Closed freemansw1 closed 1 year ago
I think anything that changes the output depending on the order of operations is a potential problem.
It would be good to clarify here what we like to have as the ideal output. Should all three features be removed? Should only the lower threshold value feature be removed when closer than the minimum distance, rather than both?
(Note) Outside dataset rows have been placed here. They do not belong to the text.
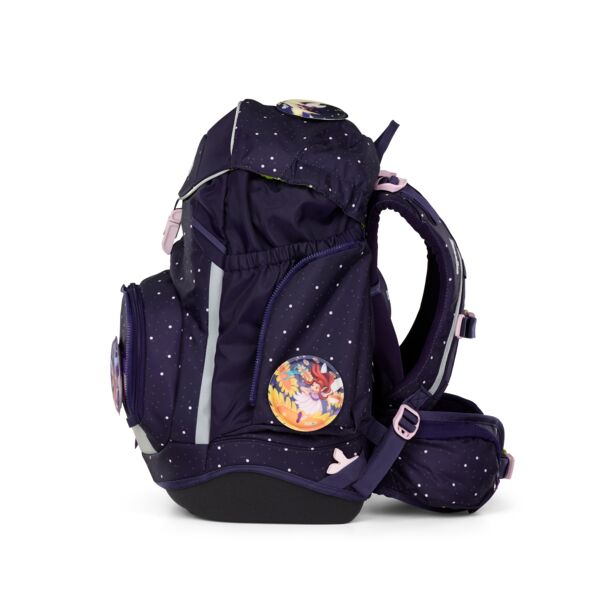 ergobag Pack Set SternguckBär lila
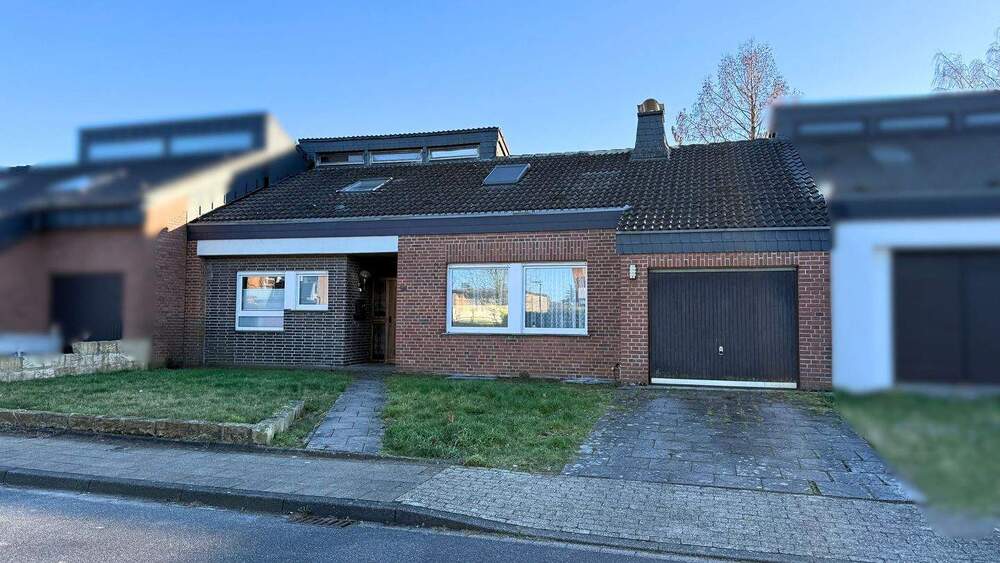 Einfamilienhaus Baesweiler-Setterich Setterich - 4 Zimmer, 113 m&sup2;, 319.000&euro; | Angebot:25697835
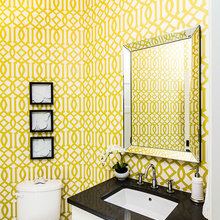 ideas for first floor powder room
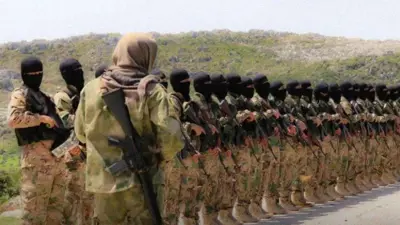 تنظيم حراس الدين التابع للقاعدة 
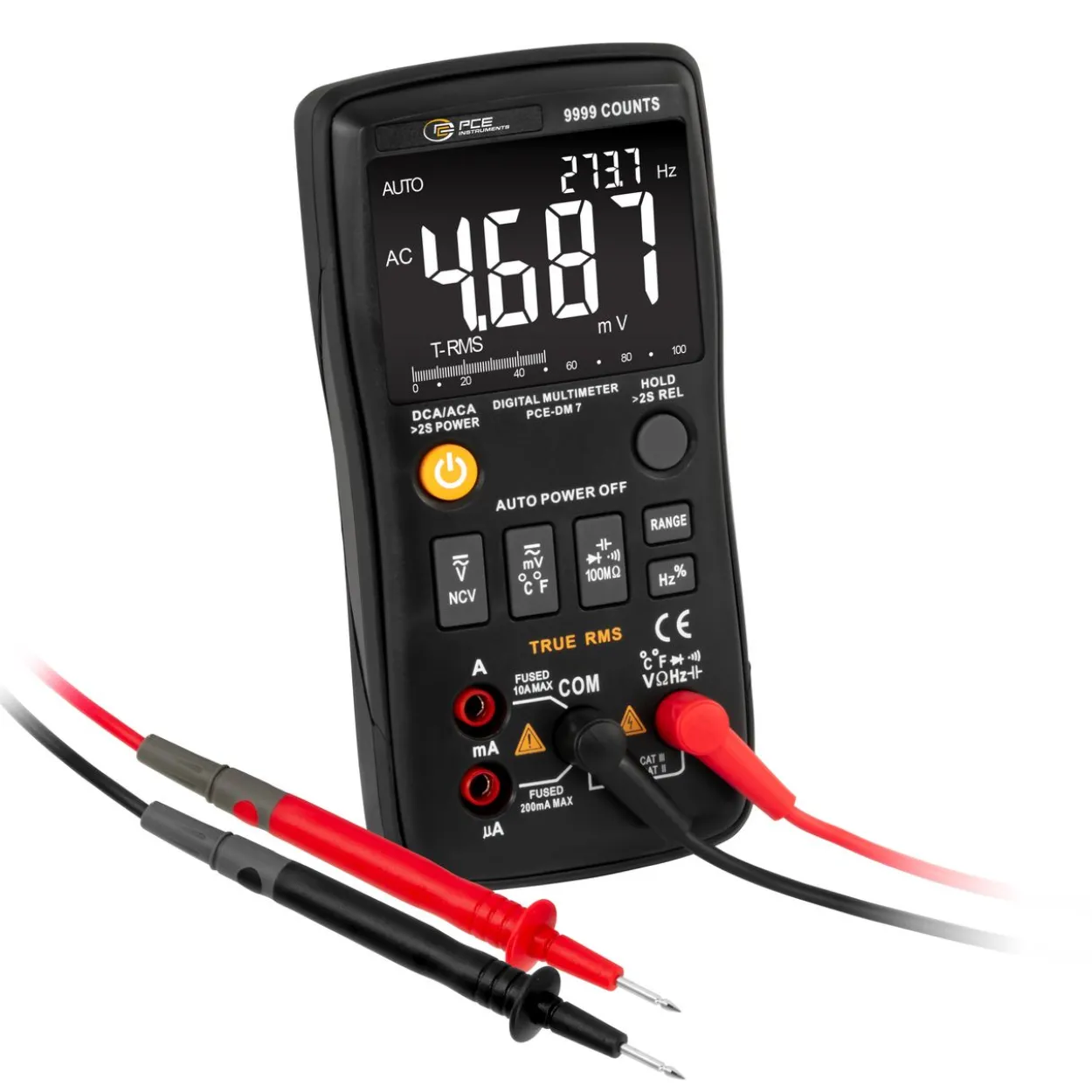 Digital-Multimeter PCE-DM 7
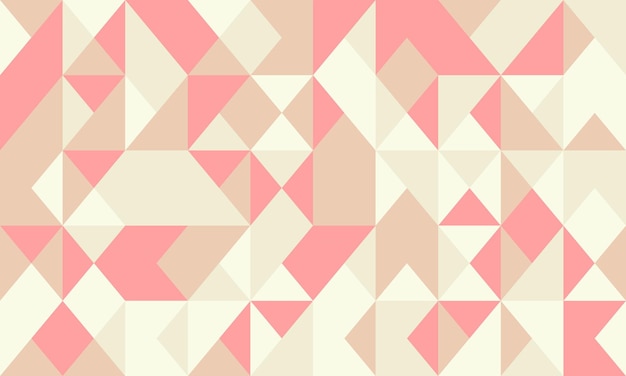 Abstract geometric vector with sharp shapes and mosaic texture Perfect for posters backgrounds or textile prints Minimal and trendy ideal for modern design projects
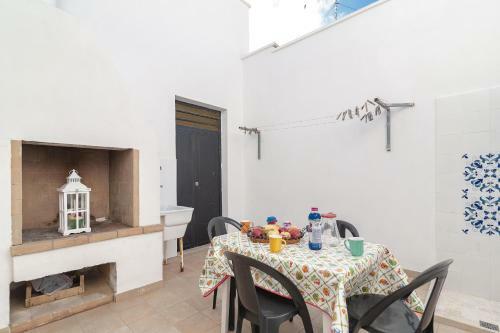 Villa Casa Estilo Espanol - Marina Di Mancaversa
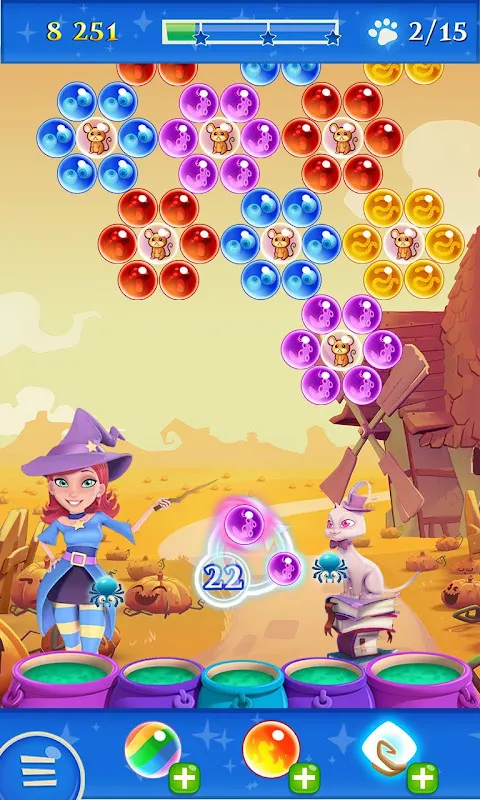 Bubble Witch 2 Saga Bubble Witch 2 Saga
In this hypothetical case, should we aim to remove feature 2 (the middle feature), leaving 1 and 3 as valid, or remove all 3?
A possible quick fix to prevent changes due to order of operations would be to calculate all the minimum differences between features before removing any
Note that we could likely improve both the functionality and performance of the nearest neighbour search by using a KDTree method to look up nearest neighbours: https://docs.scipy.org/doc/scipy/reference/generated/scipy.spatial.KDTree.html
I found the scipy pairwise distance function in the meantime, which could (with a bit of masking an sorting) probably be used to make this independet of the order of operations. The idea of @w-k-jones with a KDTree is probably ab bit more efficient though, this would be a light version of the things trackpy
does under the hood.
The idea of min_distance
is to remove features, that actually belong to a close, more pronounced feature, correct? Then I think that removing 1 and 2 in the example is probably the right way to go, if we assume that 1 actually belongs to 2 and 2 actually belongs to 3
I agree, both 1 and 2 should be removed
Also having looked into this I've noticed a number of problems and bugs linked to this in feature detection:
At present, the filtering selects the feature that meets the largest threshold value, and if they are equal then the feature with the largest number of pixels. If both have the same number of pixels then the second is removed. Do we want to keep it this way, or change it by, for example, using the min/max value of the field within the feature rather than the threshold?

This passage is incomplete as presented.